According to the Office of Inspector General for the Export-Import Bank of the United States, Gilberto Salazar-Escoboza, 49, made false statements to secure business loans for his produce companies based in Mexico.

The Export-Import Bank’s press release explained that Salazar-Escoboza, a Mexican national, had his business operations in Hermosillo, Mexico. He defrauded Frost National Bank in 2009 when he borrowed business loans to purchase U.S. manufactured equipment needed for his three produce and fruit companies.

A fraction of these business loans were insured by Ex-Im Bank, directly involving the United State’s federal government in the case.

An initial investigation was first launched when five checks written by Salazar-Escoboza were found to be false.

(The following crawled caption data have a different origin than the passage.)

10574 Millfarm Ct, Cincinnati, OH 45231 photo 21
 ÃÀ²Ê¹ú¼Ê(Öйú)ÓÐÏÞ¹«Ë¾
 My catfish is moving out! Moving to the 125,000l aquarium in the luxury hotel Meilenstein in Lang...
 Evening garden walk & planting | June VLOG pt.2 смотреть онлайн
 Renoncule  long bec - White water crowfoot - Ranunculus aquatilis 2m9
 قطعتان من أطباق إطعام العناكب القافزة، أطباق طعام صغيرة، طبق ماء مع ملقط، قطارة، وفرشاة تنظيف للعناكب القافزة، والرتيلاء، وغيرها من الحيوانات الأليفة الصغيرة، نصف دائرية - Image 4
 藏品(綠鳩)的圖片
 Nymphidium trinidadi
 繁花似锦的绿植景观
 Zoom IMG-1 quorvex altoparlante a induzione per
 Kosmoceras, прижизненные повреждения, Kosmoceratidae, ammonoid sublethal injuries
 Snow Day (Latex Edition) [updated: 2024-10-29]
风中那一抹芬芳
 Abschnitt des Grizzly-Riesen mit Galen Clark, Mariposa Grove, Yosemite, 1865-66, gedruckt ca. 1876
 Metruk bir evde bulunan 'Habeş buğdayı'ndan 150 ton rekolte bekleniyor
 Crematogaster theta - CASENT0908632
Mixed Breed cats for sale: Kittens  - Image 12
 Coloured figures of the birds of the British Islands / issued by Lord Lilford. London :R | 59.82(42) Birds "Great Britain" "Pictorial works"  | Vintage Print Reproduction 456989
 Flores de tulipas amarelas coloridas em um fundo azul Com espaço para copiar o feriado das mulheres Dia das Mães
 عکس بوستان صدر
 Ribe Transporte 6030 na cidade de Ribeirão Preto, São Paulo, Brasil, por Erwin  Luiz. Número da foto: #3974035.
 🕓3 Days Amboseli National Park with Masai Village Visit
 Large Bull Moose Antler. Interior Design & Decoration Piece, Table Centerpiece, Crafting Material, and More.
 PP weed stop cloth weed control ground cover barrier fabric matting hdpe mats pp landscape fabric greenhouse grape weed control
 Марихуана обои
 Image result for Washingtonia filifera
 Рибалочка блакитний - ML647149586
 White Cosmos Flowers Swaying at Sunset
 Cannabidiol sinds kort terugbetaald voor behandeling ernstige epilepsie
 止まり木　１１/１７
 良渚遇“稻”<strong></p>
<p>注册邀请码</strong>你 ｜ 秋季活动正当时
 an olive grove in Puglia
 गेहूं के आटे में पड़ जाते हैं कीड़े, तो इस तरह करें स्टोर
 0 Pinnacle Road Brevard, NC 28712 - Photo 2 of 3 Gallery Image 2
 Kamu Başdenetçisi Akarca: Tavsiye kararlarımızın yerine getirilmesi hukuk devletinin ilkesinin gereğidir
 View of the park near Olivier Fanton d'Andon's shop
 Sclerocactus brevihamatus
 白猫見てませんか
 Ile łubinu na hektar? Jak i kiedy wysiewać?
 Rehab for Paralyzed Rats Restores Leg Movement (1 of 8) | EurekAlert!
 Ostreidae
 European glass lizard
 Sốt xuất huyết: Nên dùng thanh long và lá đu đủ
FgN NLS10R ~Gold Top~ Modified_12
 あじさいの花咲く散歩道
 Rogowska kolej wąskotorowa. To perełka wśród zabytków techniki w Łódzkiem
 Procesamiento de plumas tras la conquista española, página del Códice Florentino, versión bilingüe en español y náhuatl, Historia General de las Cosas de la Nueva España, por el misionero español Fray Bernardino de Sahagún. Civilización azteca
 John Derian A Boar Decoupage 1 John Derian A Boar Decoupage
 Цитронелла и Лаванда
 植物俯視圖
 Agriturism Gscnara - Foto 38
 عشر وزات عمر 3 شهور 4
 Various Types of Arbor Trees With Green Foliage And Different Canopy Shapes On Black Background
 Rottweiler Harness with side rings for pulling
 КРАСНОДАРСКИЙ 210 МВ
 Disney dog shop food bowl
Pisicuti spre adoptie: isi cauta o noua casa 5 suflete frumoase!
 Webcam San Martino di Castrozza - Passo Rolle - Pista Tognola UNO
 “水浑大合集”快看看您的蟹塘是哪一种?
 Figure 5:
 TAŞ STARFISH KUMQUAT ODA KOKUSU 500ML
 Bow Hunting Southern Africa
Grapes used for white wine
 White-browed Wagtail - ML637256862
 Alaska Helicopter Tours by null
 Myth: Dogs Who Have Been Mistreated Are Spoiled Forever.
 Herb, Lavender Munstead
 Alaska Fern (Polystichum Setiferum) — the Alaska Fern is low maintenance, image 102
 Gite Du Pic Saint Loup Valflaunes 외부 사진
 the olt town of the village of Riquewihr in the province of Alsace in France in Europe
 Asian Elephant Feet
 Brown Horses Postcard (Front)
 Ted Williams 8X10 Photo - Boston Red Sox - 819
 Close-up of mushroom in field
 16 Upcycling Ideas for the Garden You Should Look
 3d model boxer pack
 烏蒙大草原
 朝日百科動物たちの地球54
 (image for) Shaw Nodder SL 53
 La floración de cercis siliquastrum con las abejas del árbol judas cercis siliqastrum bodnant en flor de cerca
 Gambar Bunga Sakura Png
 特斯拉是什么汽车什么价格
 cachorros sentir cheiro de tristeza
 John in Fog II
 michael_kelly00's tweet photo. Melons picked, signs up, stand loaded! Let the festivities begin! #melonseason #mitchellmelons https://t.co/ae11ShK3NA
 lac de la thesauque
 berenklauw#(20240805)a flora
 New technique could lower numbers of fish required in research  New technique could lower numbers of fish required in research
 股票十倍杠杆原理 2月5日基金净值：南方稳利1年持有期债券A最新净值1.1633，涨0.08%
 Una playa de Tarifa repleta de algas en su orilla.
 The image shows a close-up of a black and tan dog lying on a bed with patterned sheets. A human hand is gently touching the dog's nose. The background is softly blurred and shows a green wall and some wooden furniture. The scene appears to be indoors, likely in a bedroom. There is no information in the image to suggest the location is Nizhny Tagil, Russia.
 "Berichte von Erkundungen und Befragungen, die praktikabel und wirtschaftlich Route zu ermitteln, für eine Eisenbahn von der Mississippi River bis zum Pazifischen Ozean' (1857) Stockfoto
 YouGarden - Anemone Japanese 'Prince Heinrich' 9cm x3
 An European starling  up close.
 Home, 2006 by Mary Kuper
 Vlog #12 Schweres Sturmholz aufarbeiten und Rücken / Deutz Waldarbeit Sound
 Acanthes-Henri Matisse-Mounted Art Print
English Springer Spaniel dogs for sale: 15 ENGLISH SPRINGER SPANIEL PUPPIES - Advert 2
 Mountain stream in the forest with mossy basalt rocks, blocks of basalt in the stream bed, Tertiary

The Honorable Osvaldo L. Gratacos, Inspector General of the Office of Inspector General Export-Import Bank of the United States, said that the case was handled by Ex-Im Bank itself.

“Homeland security was not directly involved. They worked with us and were very engaged… [But] my agents led the investigation,” he said via phone, noting that the Office of the Inspector General maintains its own law enforcement personnel.

Salazar-Escoboza pled guilty in August 2012 but was only recently sentenced to pay $500,000 in fines along with serving a twelve month supervised release.

Gratacos said that supervised release, while similar to parole, involves the use of an electronic monitoring device; similar to what is commonly used on celebrities and criminals placed under house arrest.

All restitution owed by Salazar-Escoboza has been paid, according to Gratacos. He is unaware if Salazar-Escoboza is being prosecuted for related crimes in Mexico, where his business holdings exist.